Disney Cruise Line will not sail with passengers until after January 2021 — all remaining cruises through the first of the year have been canceled. As it and the rest of the cruise industry attempt to regain their sea legs, there is still no official “resailing date.” There is still a long way to go and there are stark reminders of how important the cruising industry is to Florida, especially Disney’s home of Port Canaveral.
“Since the first day of CLIA members’ voluntary suspension of operations in March, the cruise industry has remained steadfast in its commitment to making science-led, people-first decisions,” Bari Golin-Blaugrund, vice president of strategic communications for The Cruise Line International Association (CLIA), said to Florida Today. “We will continue to be guided by these filters as we evaluate next steps, including the timing of resumption.”
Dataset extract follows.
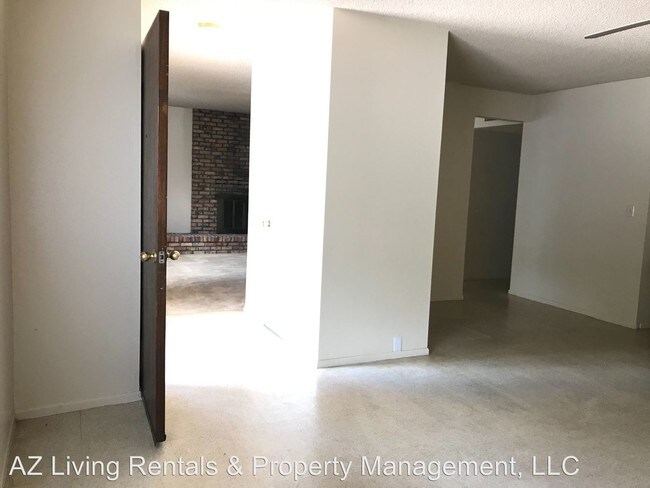 Building Photo - 3 br, 2 bath House - 1040 Crestwood Drive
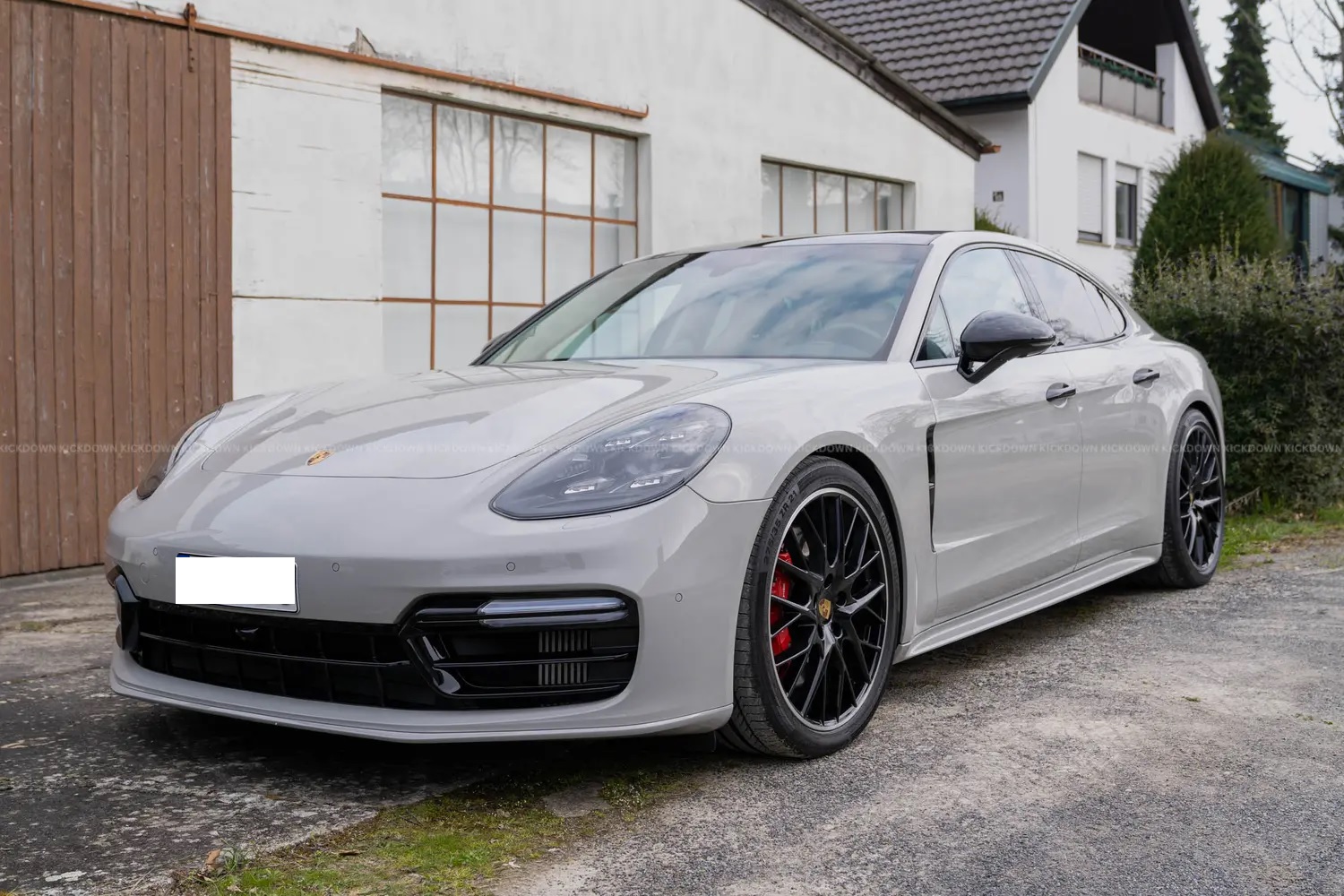 PORSCHE Panamera GTS PDK Carbon-showroom-element-3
Disney Cruise Line individually released a statement saying, “Our team at Disney Cruise Line remains focused on the health and well-being of our guests and team members. We continue to carefully review the guidance from the U.S. Centers for Disease Control and Prevention, and are working toward resuming operations.”
Even though the CDC’s no-sail order has been lifted, cruise lines still have to adhere to very strict protocols and the CDC has classified cruising as a “Level 4 Travel Alert” which includes the following:
- The CDC recommends that all people avoid travel on cruise ships, including river cruises, worldwide, because the risk of COVID-19 on cruise ships is very high.
- It is especially important that people with an increased risk of severe illness avoid travel on cruise ships.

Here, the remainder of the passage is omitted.